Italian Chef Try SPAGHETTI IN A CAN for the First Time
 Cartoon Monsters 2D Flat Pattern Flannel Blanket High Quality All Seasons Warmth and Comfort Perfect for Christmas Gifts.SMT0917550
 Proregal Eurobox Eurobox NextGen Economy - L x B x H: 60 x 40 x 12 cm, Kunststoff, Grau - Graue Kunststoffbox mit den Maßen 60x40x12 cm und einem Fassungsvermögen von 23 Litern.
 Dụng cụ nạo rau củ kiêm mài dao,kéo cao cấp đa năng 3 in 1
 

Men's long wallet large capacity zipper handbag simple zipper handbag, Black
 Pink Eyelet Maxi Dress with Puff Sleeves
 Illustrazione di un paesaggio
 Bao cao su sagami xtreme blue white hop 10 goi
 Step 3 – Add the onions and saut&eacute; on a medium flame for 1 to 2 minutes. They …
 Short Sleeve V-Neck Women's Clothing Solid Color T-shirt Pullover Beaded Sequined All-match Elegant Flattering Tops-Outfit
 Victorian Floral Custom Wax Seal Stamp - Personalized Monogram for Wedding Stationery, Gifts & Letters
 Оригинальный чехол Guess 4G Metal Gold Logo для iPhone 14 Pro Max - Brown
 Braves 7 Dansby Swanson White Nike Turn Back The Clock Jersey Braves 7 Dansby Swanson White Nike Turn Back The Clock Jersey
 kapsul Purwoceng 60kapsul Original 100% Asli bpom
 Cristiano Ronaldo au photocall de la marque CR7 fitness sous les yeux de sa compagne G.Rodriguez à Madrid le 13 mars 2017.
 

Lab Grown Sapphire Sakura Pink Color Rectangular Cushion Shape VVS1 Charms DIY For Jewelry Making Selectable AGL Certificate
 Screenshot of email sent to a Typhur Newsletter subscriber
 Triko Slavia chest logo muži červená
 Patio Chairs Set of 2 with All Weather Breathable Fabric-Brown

ACTIVITY →
Each entry is to be retyped precisely as it stands.

TASK RESPONSE →
Italian Chef Try SPAGHETTI IN A CAN for the First Time
 Cartoon Monsters 2D Flat Pattern Flannel Blanket High Quality All Seasons Warmth and Comfort Perfect for Christmas Gifts.SMT0917550
 Proregal Eurobox Eurobox NextGen Economy - L x B x H: 60 x 40 x 12 cm, Kunststoff, Grau - Graue Kunststoffbox mit den Maßen 60x40x12 cm und einem Fassungsvermögen von 23 Litern.
 Dụng cụ nạo rau củ kiêm mài dao,kéo cao cấp đa năng 3 in 1
 

Men's long wallet large capacity zipper handbag simple zipper handbag, Black
 Pink Eyelet Maxi Dress with Puff Sleeves
 Illustrazione di un paesaggio
 Bao cao su sagami xtreme blue white hop 10 goi
 Step 3 – Add the onions and saut&eacute; on a medium flame for 1 to 2 minutes. They …
 Short Sleeve V-Neck Women's Clothing Solid Color T-shirt Pullover Beaded Sequined All-match Elegant Flattering Tops-Outfit
 Victorian Floral Custom Wax Seal Stamp - Personalized Monogram for Wedding Stationery, Gifts & Letters
 Оригинальный чехол Guess 4G Metal Gold Logo для iPhone 14 Pro Max - Brown
 Braves 7 Dansby Swanson White Nike Turn Back The Clock Jersey Braves 7 Dansby Swanson White Nike Turn Back The Clock Jersey
 kapsul Purwoceng 60kapsul Original 100% Asli bpom
 Cristiano Ronaldo au photocall de la marque CR7 fitness sous les yeux de sa compagne G.Rodriguez à Madrid le 13 mars 2017.
 

Lab Grown Sapphire Sakura Pink Color Rectangular Cushion Shape VVS1 Charms DIY For Jewelry Making Selectable AGL Certificate
 Screenshot of email sent to a Typhur Newsletter subscriber
 Triko Slavia chest logo muži červená
 Patio Chairs Set of 2 with All Weather Breathable Fabric-Brown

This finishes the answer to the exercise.